3. The amplifier of claim 2, wherein the second current source comprises:

a third current branch electrically connected between the ground and a second connect node, the third current branch including transistors connected at a third intermediate node; and

a fourth current branch electrically connected between the ground and a fourth connect node, the fourth current branch including transistors connected at a fourth intermediate node.

4. The amplifier of claim 3, wherein the floating current source comprises:

a first floating branch electrically connected between the first connect node and the second connect node; and

a second floating branch electrically connected between the third connect node and the fourth connect node.

5. The amplifier of claim 4, wherein the shunt circuit comprises:

the first shunt transistor with source and drain connected to the second intermediate node and the fourth connect node respectively; and

the second shunt transistor with source and drain connected to the fourth intermediate node and the third connect node respectively.

6. The amplifier of claim 5, wherein the first shunt transistor comprises a P-type metal-oxide-semiconductor (PMOS) transistor, and the second shunt transistor comprises an N-type MOS (NMOS) transistor.

7. The amplifier of claim 4, wherein the shunt circuit comprises:

a third shunt transistor with source and drain connected to the first intermediate node and the second connect node respectively; and

a fourth shunt transistor with source and drain connected to the third intermediate node and the first connect node respectively.

8. The amplifier of claim 7, wherein the third shunt transistor comprises a PMOS transistor, and the fourth shunt transistor comprises an NMOS transistor.

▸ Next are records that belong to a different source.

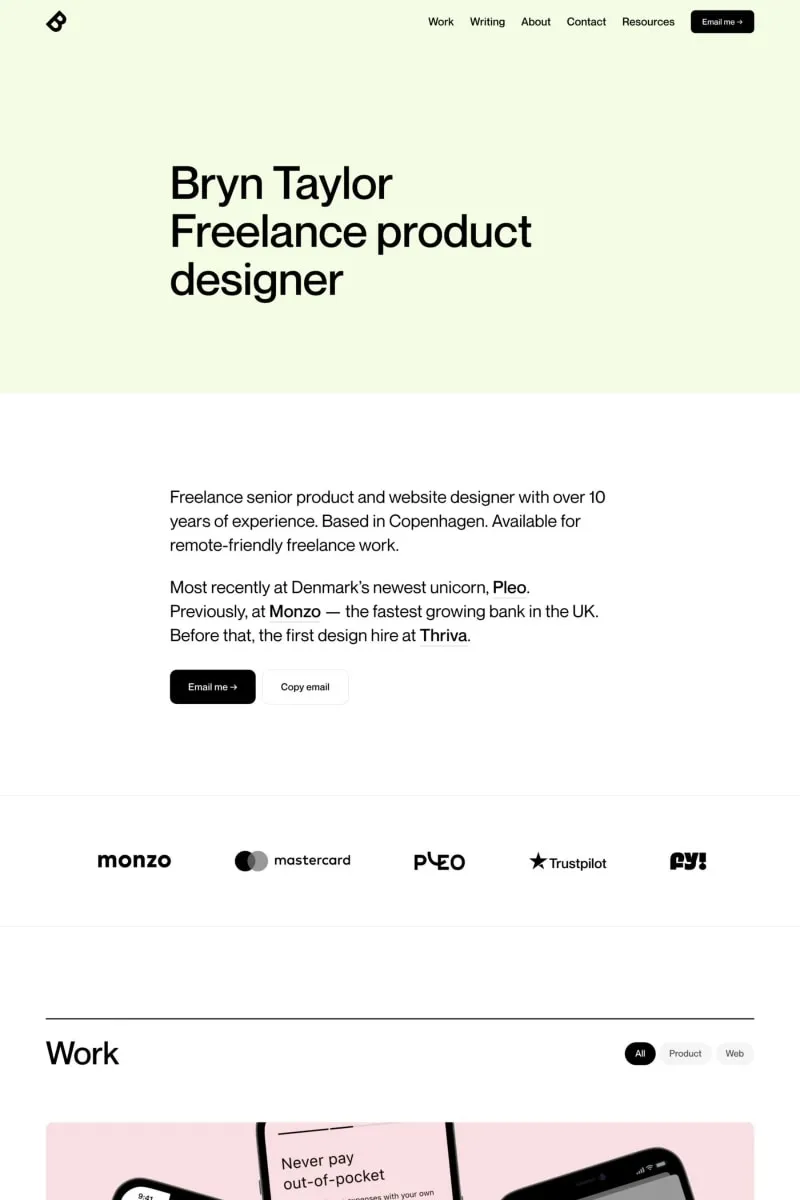 Website image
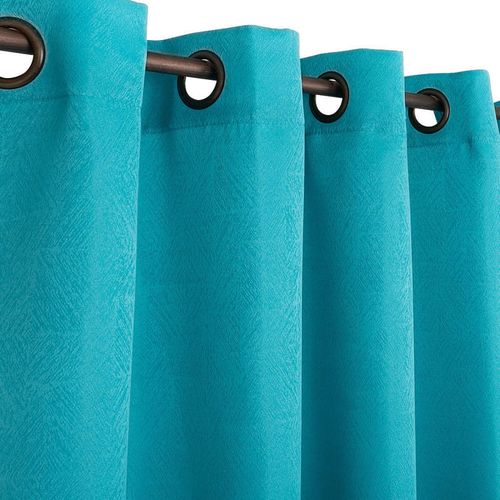 Cortina Cassare Deco Jasmine 1.4X2.3 Turquesa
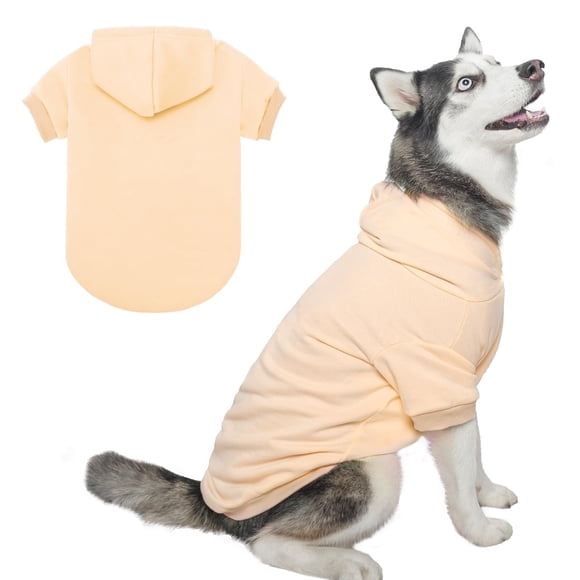 BINGPET Chiens à Capuche - Chandail en Molleton Doublé en Polaire pour Chiot Automne Chandail Doux et Chaud Vêtements d'Hiver pour Petits Moyens Grands Chiens et Chats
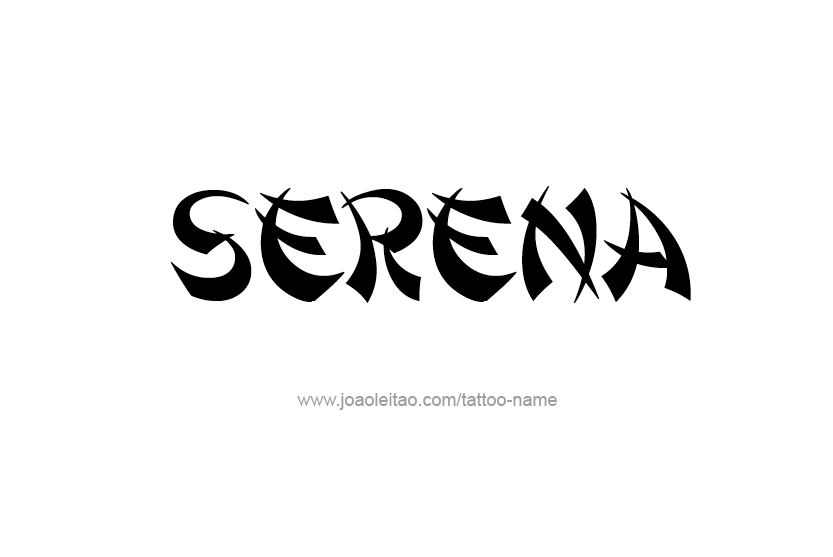 Tattoo Design Name Serena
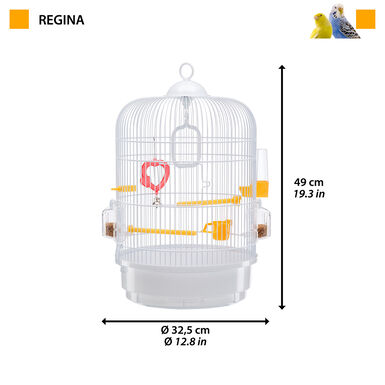 Ferplast - Cage Regina pour Oiseaux Exotiques - Blanc/Bleu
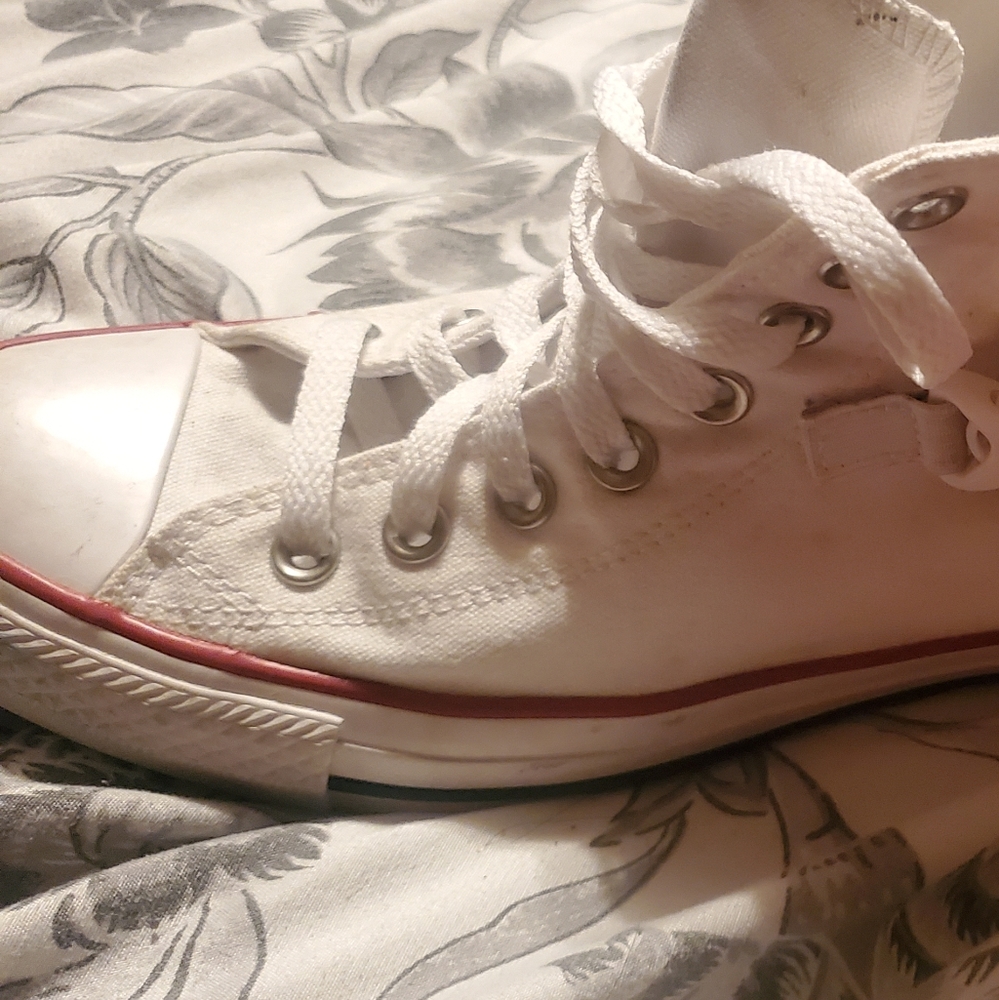 White Converse with Pink Fanny Pack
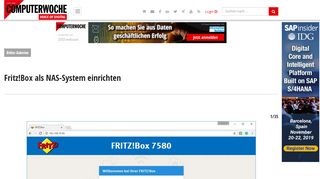 
                            5. Fritz!Box als NAS-System einrichten: Fritzbox 7580 …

9. The amplifier of claim 3, wherein the first channel comprises:

a first bias branch electrically connected to the power, the first bias branch including transistors connected in series; and

a first source-coupled differential pair including transistors connected in parallel with sources connected together to the first bias branch;

wherein drains of the first source-coupled differential pair are connected to the third intermediate node and the fourth intermediate node respectively.

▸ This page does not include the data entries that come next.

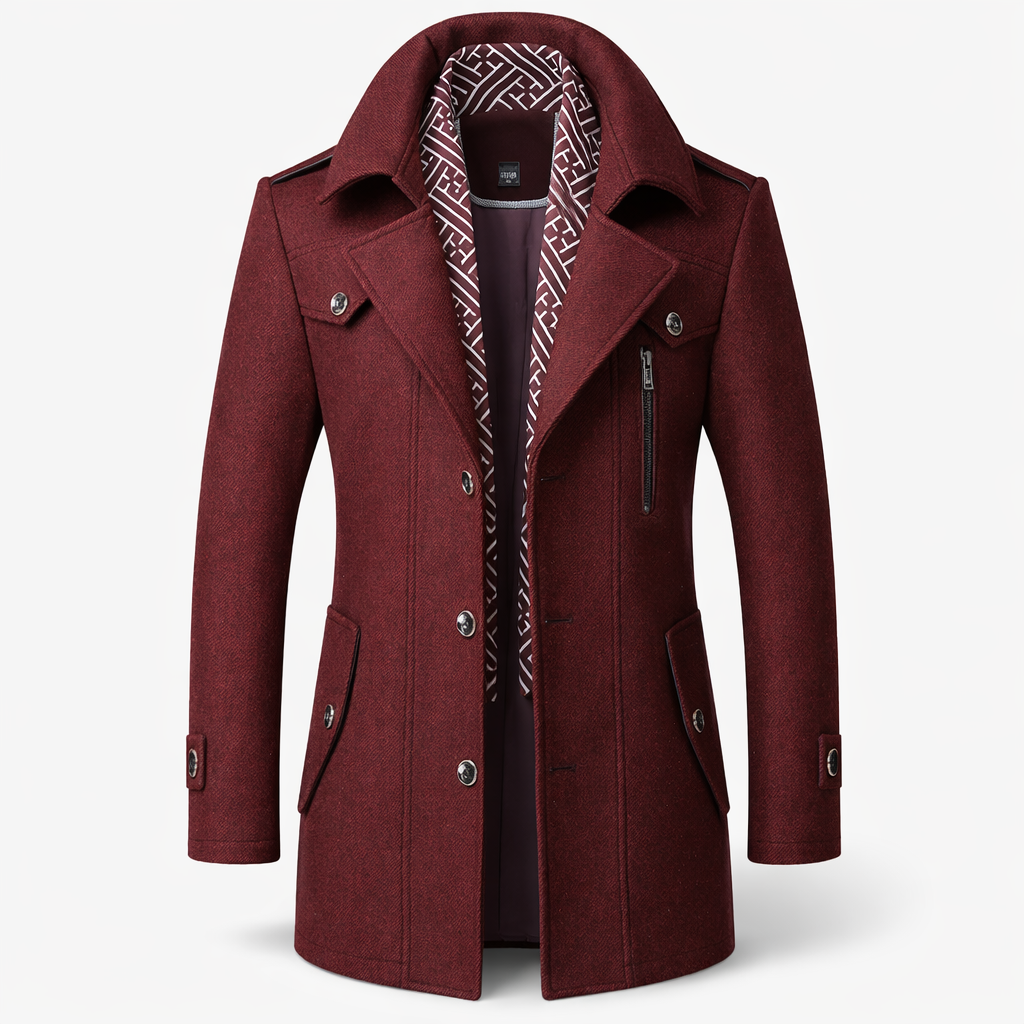 FRISCHES LABEL | Edward Wollen Überjacke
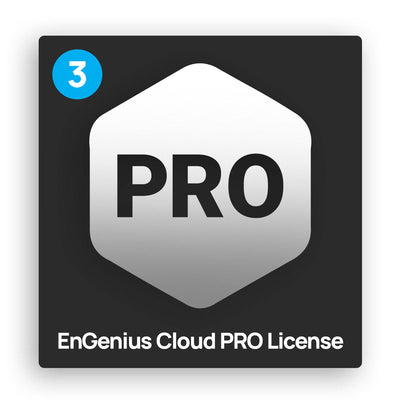 EXT-3YR-LIC: EnGenius Cloud PRO 延展型交換器 3 年專業版授權憑證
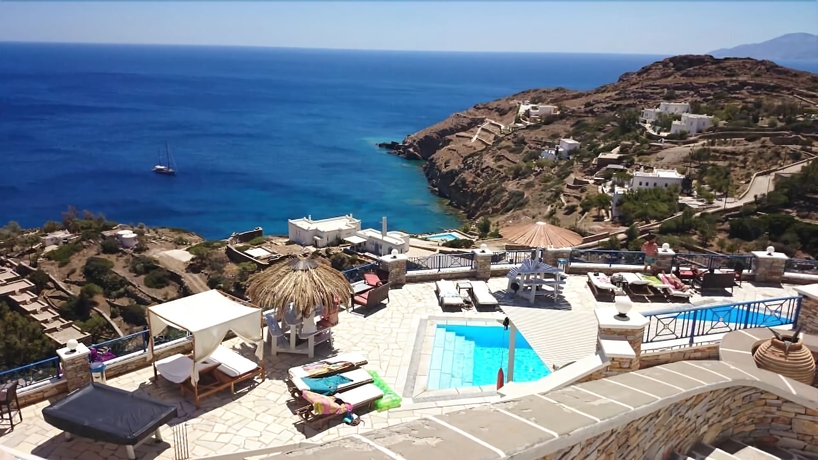 Imagen de la piscina del Hotel Hermes, Ios. Foto 10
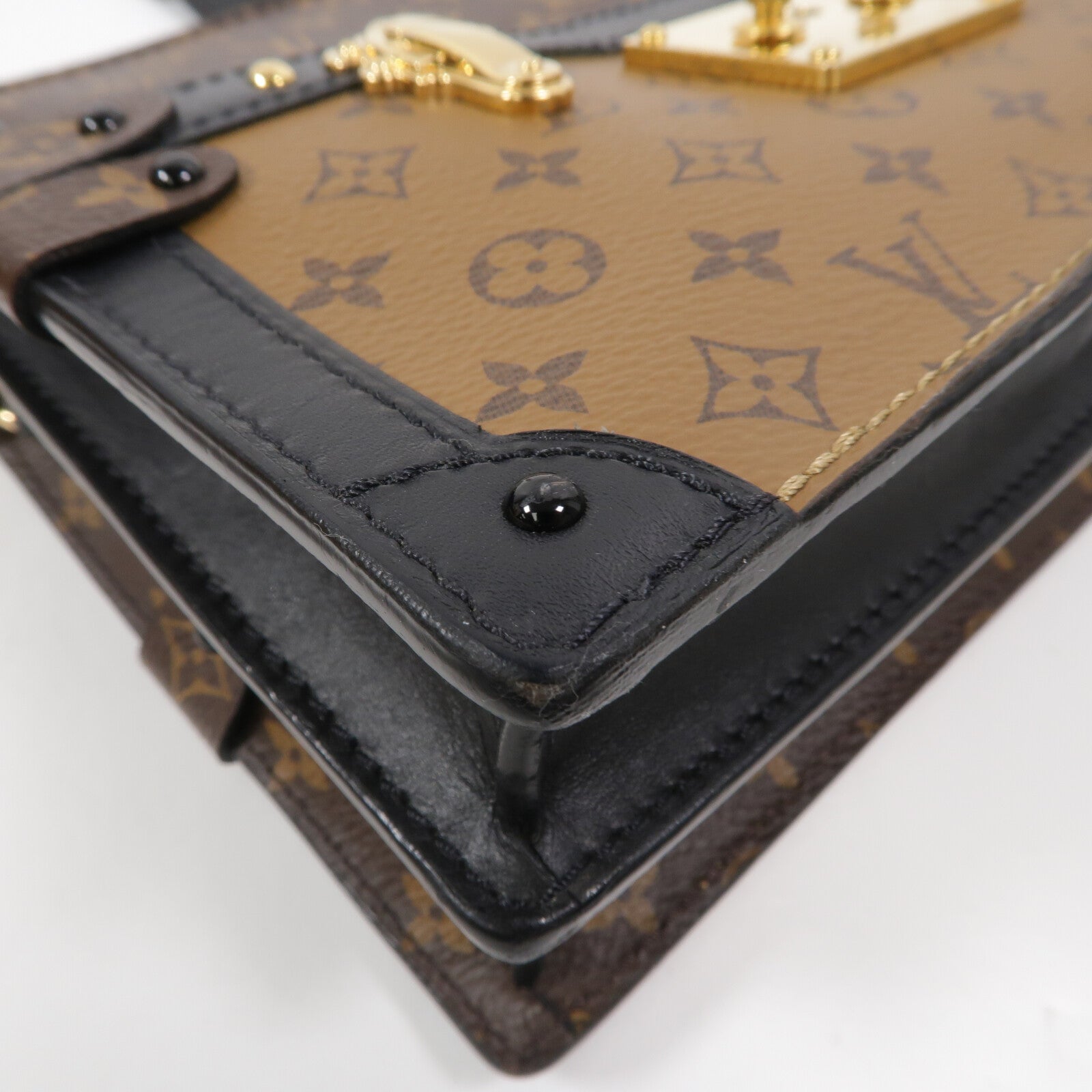 LOUIS VUITTON Monogram Reverse Trunk Clutch肩背袋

10. The amplifier of claim 3, wherein the second channel comprises:

a second bias branch electrically connected to the ground, the second bias branch including transistors connected in series; and

a second source-coupled differential pair including transistors connected in parallel with sources connected together to the second bias branch;

wherein drains of the second source-coupled differential pair are connected to the first intermediate node and the second intermediate node respectively.